# windows paint like



## SIFE (May 27, 2011)

Hi, I am looking for a tool to be like Windows Paint program in its functionality. I had to used one available in KDE3 but I don't remember its name.


----------



## expl (May 28, 2011)

gpaint for Gnome/GTK+ and kolourpaint for KDE that doesn't seem to have its own port.


----------



## SIFE (May 28, 2011)

kolourpaint has been deleted from ports, gpaint doesn't fit my need.


----------



## expl (May 28, 2011)

What are your needs? From first look gpaint has same functionality as mspaint.


----------



## graudeejs (May 28, 2011)

What version of mspaint? Pre windows 7 or Win7? In Win7 MS finally updated it's paint after more than a decade.


----------



## SIFE (May 28, 2011)

> What are your needs? From first look gpaint has same functionality as mspaint.

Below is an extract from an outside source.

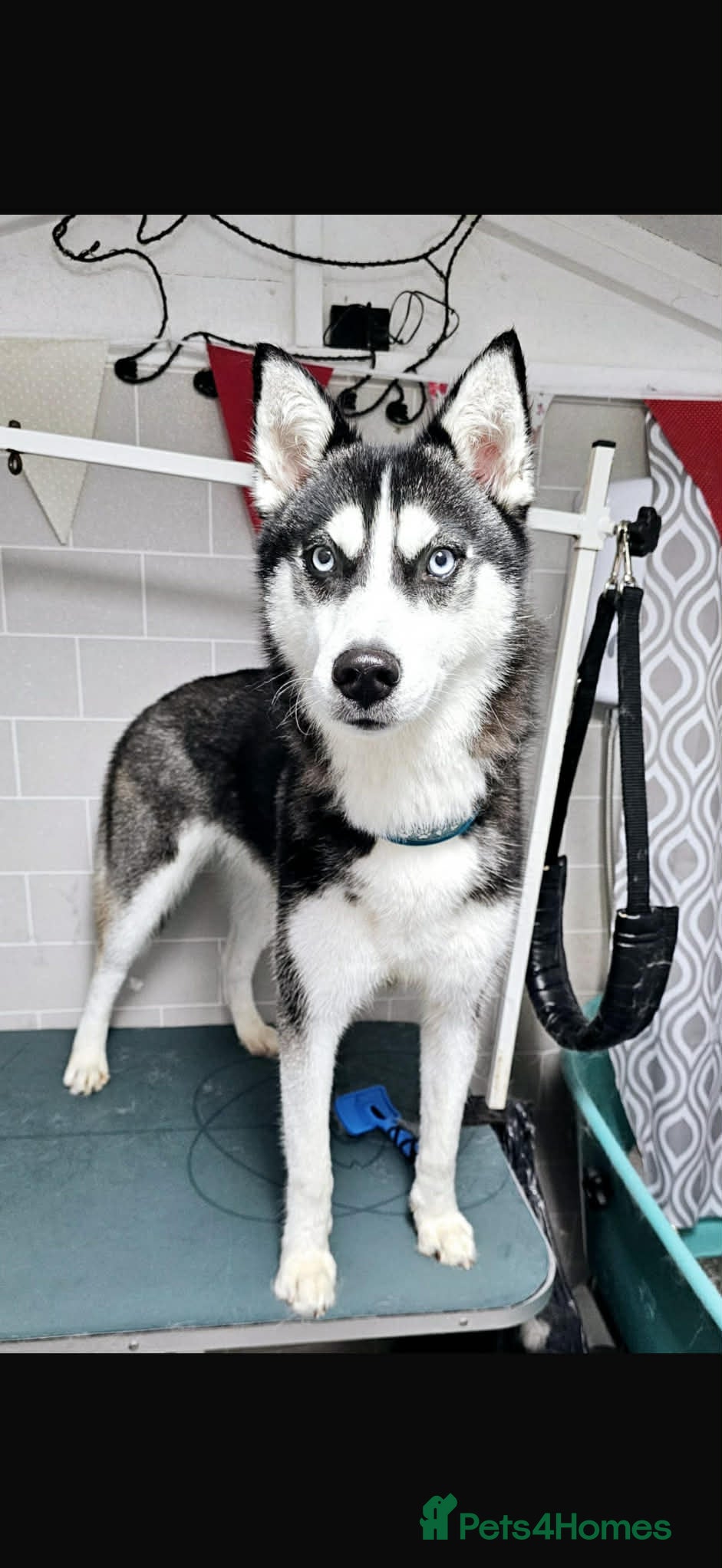 Siberian Husky dogs Purebred Siberian Husky Puppy's - Advert 2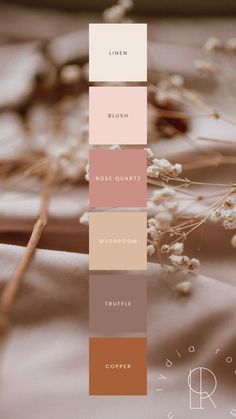 Neutral color palette for small business branding or weddings featuring skin tones, nude, blush colors, copper, chocolate brown, tan, dark blush pink, light blush, and cream. Skin Tone Colour Palette, Dark Blush Pink, Brand Colour Palette, Dark Blush, Nude Palette, Brand Color Palette, Hex Codes, Premium Colors, Brand Kit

copy/cut portion from image, add text, if there is roate element it will be good.


> What version of mspaint? Pre windows 7 or Win7? In Win7 MS finally updated it's paint after more than a decade.


Just windows xp version, latest microsoft windows version I used is Win XP.


----------



## Beastie (May 28, 2011)

Anything wrong with GIMP? It's not exactly like MS paint, but it has what you want and a lot more (why not?)


----------



## SIFE (May 29, 2011)

Nothing except it's not light-wight, less easy then others.


----------



## graudeejs (May 29, 2011)

graphics/mtpaint
graphics/mypaint
graphics/rgbpaint
graphics/xpaint

I haven't tried any of them


----------



## kpedersen (May 29, 2011)

killasmurf86 said:
			
		

> In Win7 MS finally updated it's paint after more than a decade.



It looks more shiny but actually has less features and is now more awkward from a usability standpoint 

I have yet to find a paint program for UNIX that I actually like. Many are far too bloated, are half finished (gnome-paint) or rely on far too many dependencies. The ones that are usable then do this multiple window thing that is such a pain (like xpaint)

I would love a paint program with exactly the same features as MSPaint (XP era) and using just the X11 or even Motif toolkit.

edit: Just had a play with rgbpaint... and it comes pretty close to what I need


----------



## SIFE (May 29, 2011)

graphics/rgbpaint, graphics/xpaint I tried theme before and I didn't find them useful. 
graphics/mtpaint, graphics/mypaint Some result with above after the try.
I found this application, it looks to be like MS Paint. For now it's what I need.


----------



## kpedersen (May 29, 2011)

Hmm Qt...

You might as well install WINE and use the official Microsoft Paint


----------



## _martin (May 29, 2011)

kpedersen said:
			
		

> Hmm Qt...
> 
> You might as well install WINE and use the official Microsoft Paint



Wishful thinking on amd64.


----------



## kpedersen (May 29, 2011)

matoatlantis said:
			
		

> Wishful thinking on amd64.



Dual booting a 32bit build of FreeBSD might still take up less space than Qt hehe.

I also wonder how much a 64bit FreeBSD would improve the performance of a simple paint application over a 32bit one :S


----------